The United Nations Committee for the Elimination of Discrimination Against Women issued an important decision last week confirming the right of all women, regardless of income or racial background, to timely, non-discriminatory and appropriate maternal health services. The case was filed against Brazil on behalf of Alyne da Silva Pimentel in accordance with the Protocol to the Convention. Alyne da Silva Pimentel was a 28-year-old Afro-Brazilian woman who died in 2002 after being denied basic medical care to address complications in her pregnancy.
The litigation was undertaken by the Center for Reproductive Rights. For more information, click here.
Thanks to Janna Chan.
1 comment:
I have had the opportunity to read the CEDAW da Silva Piemental Teixeira judgement (CEDAW/C/49/17/2008) of the 25 July 2011 in detail and there are three points I’d like to raise.

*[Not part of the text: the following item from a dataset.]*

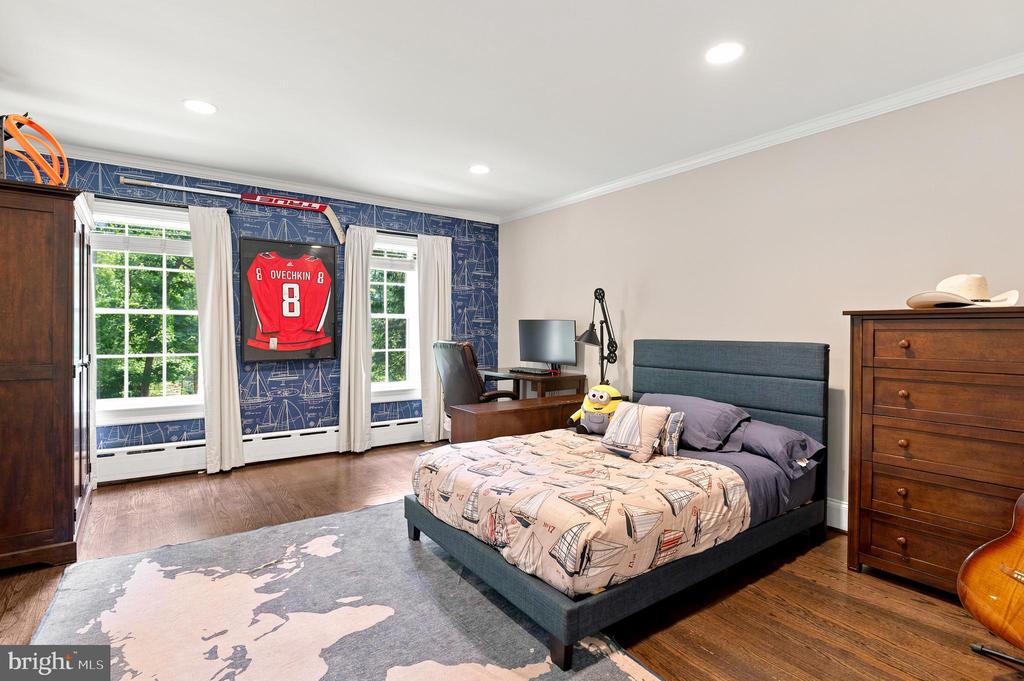 1210 CORBIN COURT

1. For the first time that I am aware an “unreasonably prolonged delay” in a domestic judicial process to allow admissibility to a Convention Committee has been quantified at 8 years. The initial domestic suit was filed on the 11 Feb 2003, the submission to CEDAW filed on 30 Nov 2007 (41/2 years), the State party response on 13 August 2008 (5+ years) and the Committee meeting 25 July 2011 (8+ years). Under Article 4, paragraph 1 of the Optional Protocol the “unreasonably prolonged delay” in domestic judicial proceedings relates to the time factor only as the committee discounted the “complexity of the case” as a qualification for “unreasonably prolonged.”

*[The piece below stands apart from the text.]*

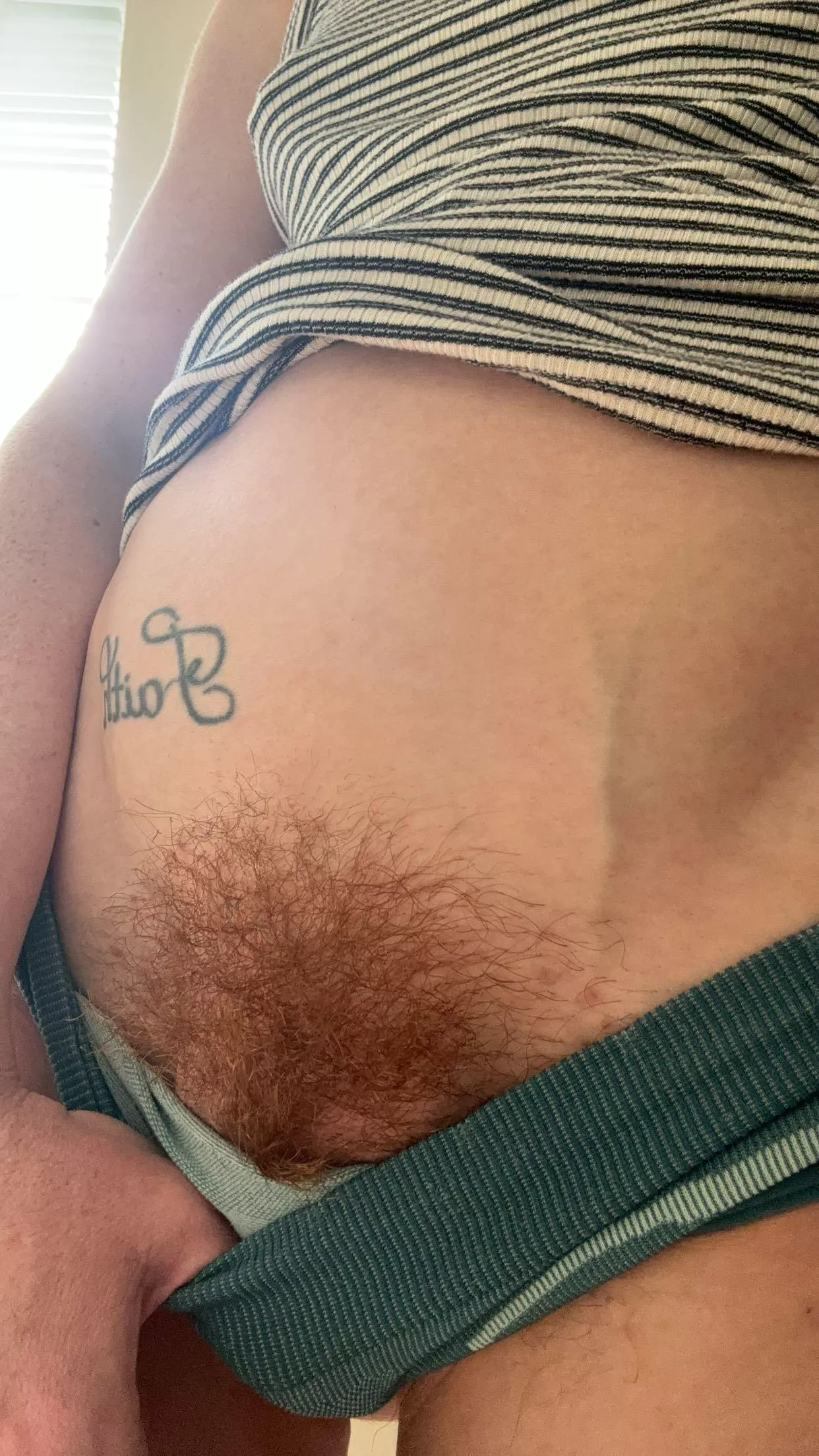 hair everywhere! (almost everywhere 😜) posted by redhotpearlx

2. Although the merits of the case are unquestioned the patient whose death precipitated the submission to CEDAW died of complications of pregnancy on the 11 NOV 2002, one month after the Optional Protocol to CEDAW, to which the State party was a signatory, came into force on the 28 Sept 2002. However, and this confuses me somewhat in the admissibility of the case is that the pregnancy which resulted in the maternal death ( i.e. WHO Definition: Maternal death is the death of a woman while pregnant or within 42 days of termination of pregnancy, irrespective of the duration and site of the pregnancy, from any cause related to or aggravated by the pregnancy or its management but not from accidental or incidental causes.) began sometime in May 2002 five months before the Optional Protocol came into force. The Committee stated that it was of the view “that the death of Ms. da Silva Piemental Teixeira must be regarded as maternal.” (italics my emphasis)
Has not CEDAW erred in applying a retrospective judgement under the Protocol to a maternal death?

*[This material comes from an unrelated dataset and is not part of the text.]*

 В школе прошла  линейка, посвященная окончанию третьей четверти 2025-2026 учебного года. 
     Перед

3. Finally I am a little uneasy (as a medical practitioner who is an Obstetrician/Gynaecologist) that CEDAW have the judicial authority (Recommendations 2(e) ) to demand that “sanctions” be “imposed” on health professionals who “violate” women’s reproductive rights. There is an ocean of difference between a “failure of duty of care” and “violation”.
Roger Derham, MB, LLM, FRCOG, MFFLM.